South Korea is unusual in that the outbreak there is best understood as two separate outbreaks: an initial outbreak in a strange highly interconnected cult, and then the outbreak in the general population. They ended up testing everyone in the cult, but their testing strategy in the general population seems more limited, similar to other countries. So the testing of several hundred thousand cult members pushed both their CFR and test positive fraction lower than it otherwise would be, and rather obviously skewed their case age structure.

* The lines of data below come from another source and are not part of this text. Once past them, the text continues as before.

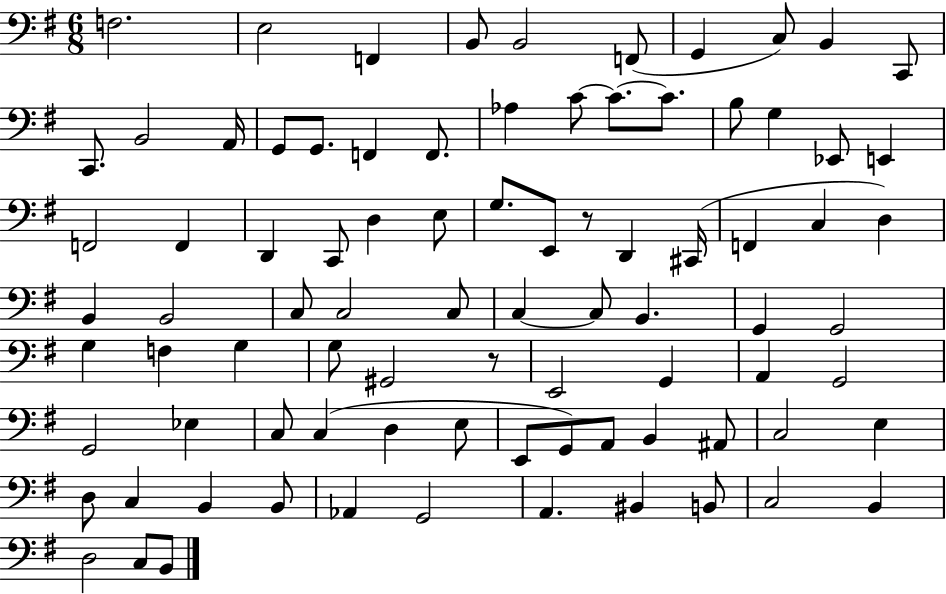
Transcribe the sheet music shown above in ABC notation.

X:1
T:Untitled
M:6/8
L:1/4
K:G
F,2 E,2 F,, B,,/2 B,,2 F,,/2 G,, C,/2 B,, C,,/2 C,,/2 B,,2 A,,/4 G,,/2 G,,/2 F,, F,,/2 _A, C/2 C/2 C/2 B,/2 G, _E,,/2 E,, F,,2 F,, D,, C,,/2 D, E,/2 G,/2 E,,/2 z/2 D,, ^C,,/4 F,, C, D, B,, B,,2 C,/2 C,2 C,/2 C, C,/2 B,, G,, G,,2 G, F, G, G,/2 ^G,,2 z/2 E,,2 G,, A,, G,,2 G,,2 _E, C,/2 C, D, E,/2 E,,/2 G,,/2 A,,/2 B,, ^A,,/2 C,2 E, D,/2 C, B,, B,,/2 _A,, G,,2 A,, ^B,, B,,/2 C,2 B,, D,2 C,/2 B,,/2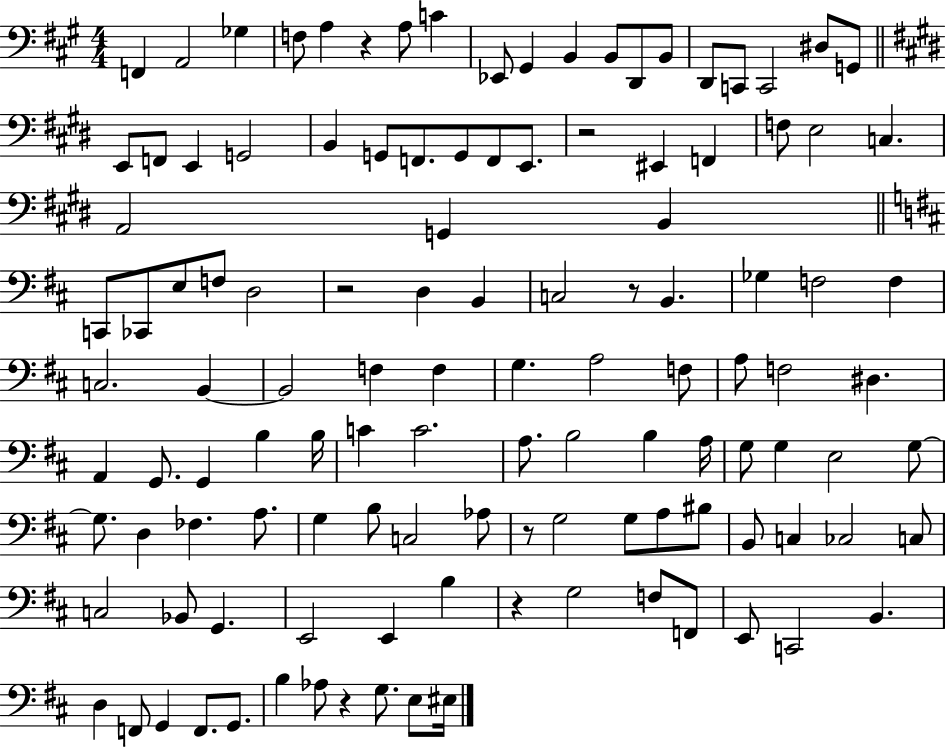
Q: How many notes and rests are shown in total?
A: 119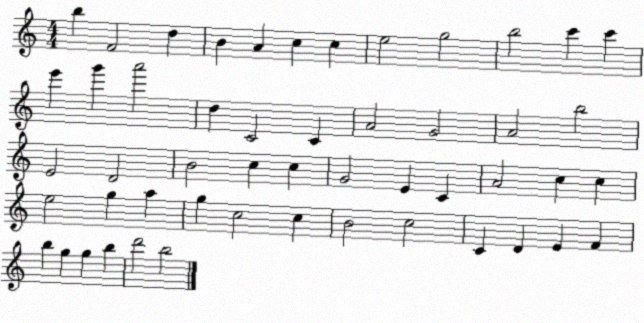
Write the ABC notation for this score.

X:1
T:Untitled
M:4/4
L:1/4
K:C
b F2 d B A c c e2 g2 b2 c' c' e' g' a'2 d C2 C A2 G2 A2 b2 E2 D2 B2 c c G2 E C A2 c c e2 g a g c2 c B2 c2 C D E F b g g b d'2 b2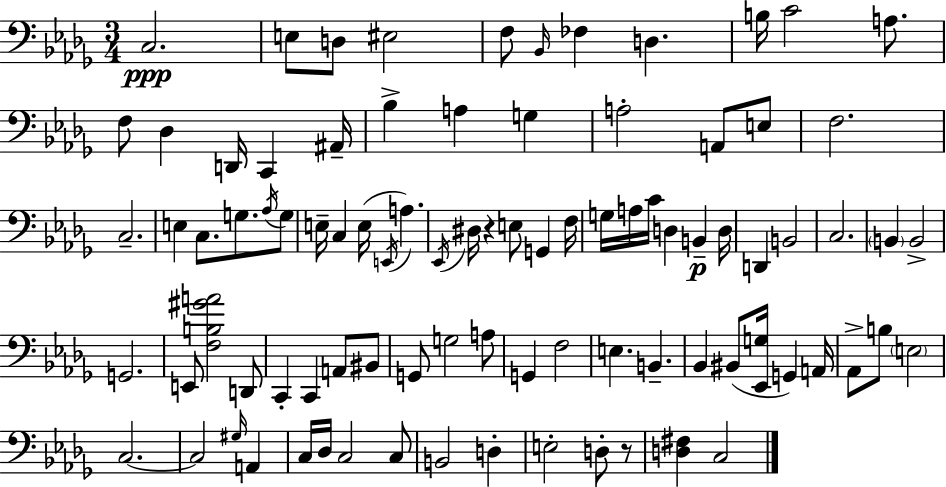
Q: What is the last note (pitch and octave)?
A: C3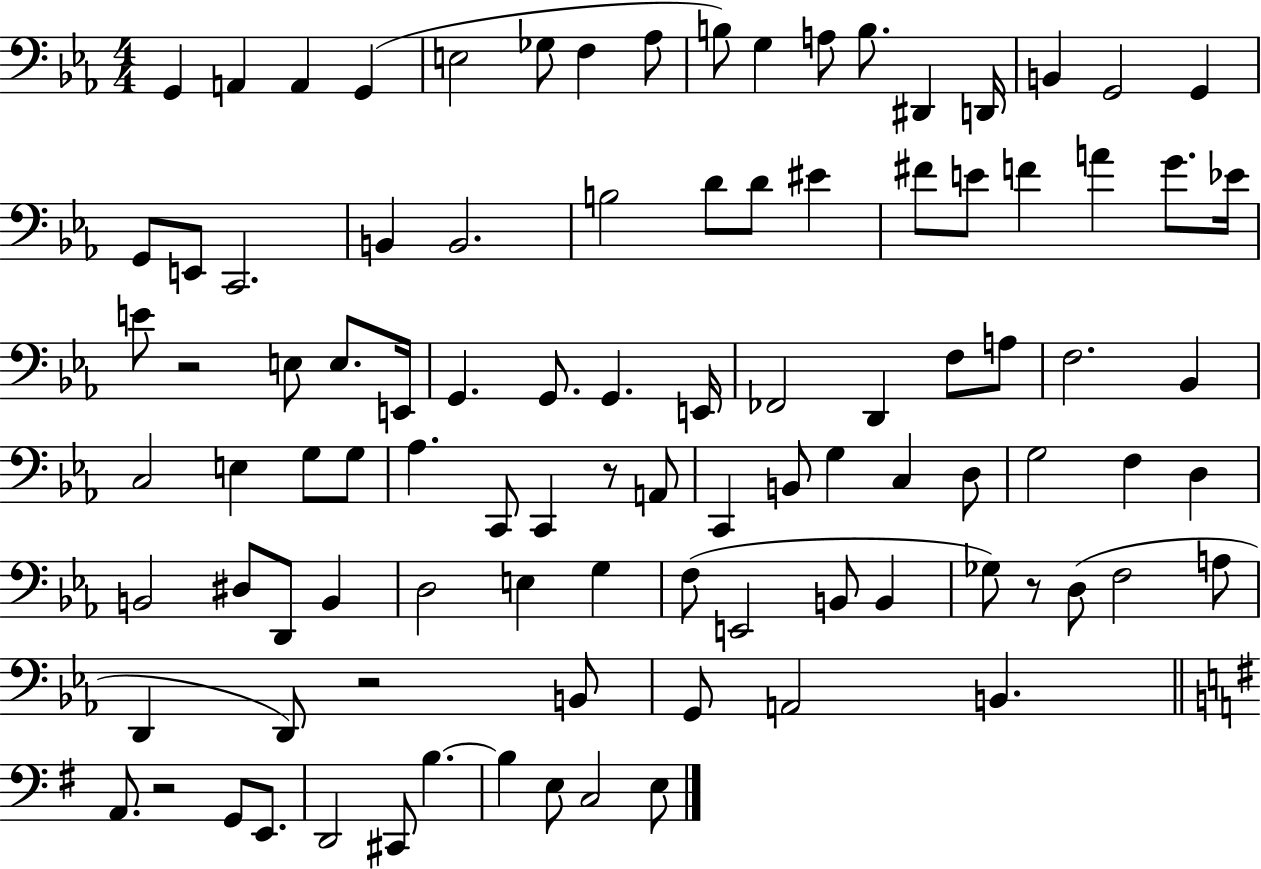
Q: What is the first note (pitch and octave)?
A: G2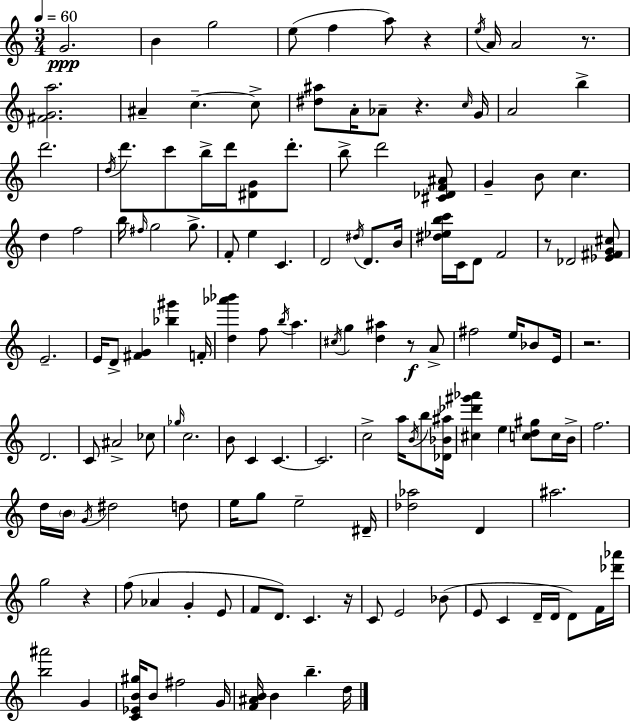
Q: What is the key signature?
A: C major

Nonetheless they have tested far less of their population than Iceland (about 5X less as of 3⁄20 according to ourworldindata), so if the ratio of infections/cases is 4x to 5x in Iceland it seems reasonable that it’s 10x to 20x in SK.
Naively if ICU fatality is ~30%, and we worst-case assume those all become deaths absent ventilators, that suggests about 3X higher deaths sans ventilators. However in reality we would/will probably just quickly produce more ventilators, start sharing ventilators, jury-rigging C-pack machines into ventilators, etc.
Perhaps this isn’t clear enough from the title (but should be clear from the post), that the similarity I”m discussing is in terms of outcomes given illness: IFR and IHR.
Absent controls and behavioral changes, I agree that it seems likely that considerably more than 1% of the population would be infected. Seasonal flu infects perhaps 10%. It’s clear at this point that C19 is often asymptomatic/mild especially in younger people, and I recall some potential bio explanations like pre-existing partial immunity through cross reactive antigens. On the DP we know about 30% were infected and it could be higher—perhaps 50%, but that population is half retirees. So from this evidence alone my estimate is somewhere between 10% to 50% would be infected absent any behavioral changes.
However social distancing appears to have already be crushing fever prevalence in the US.
For the contagious part—I guess what really matters is what % of the population it could infect, and how fast that could occur. But most of the world has gone into social isolation, which at least in the US appears to already have been highly successful.
The kinsa thermometer dataset is quite interesting and worthy of it’s own post. If you look at places that didn’t do much social isolation in time, like Miami, it appears that the answers may be that it causes fevers in about the same % of the population as the flu does, and cycles through the population in perhaps half the time-frame (viruses move through cities faster in general).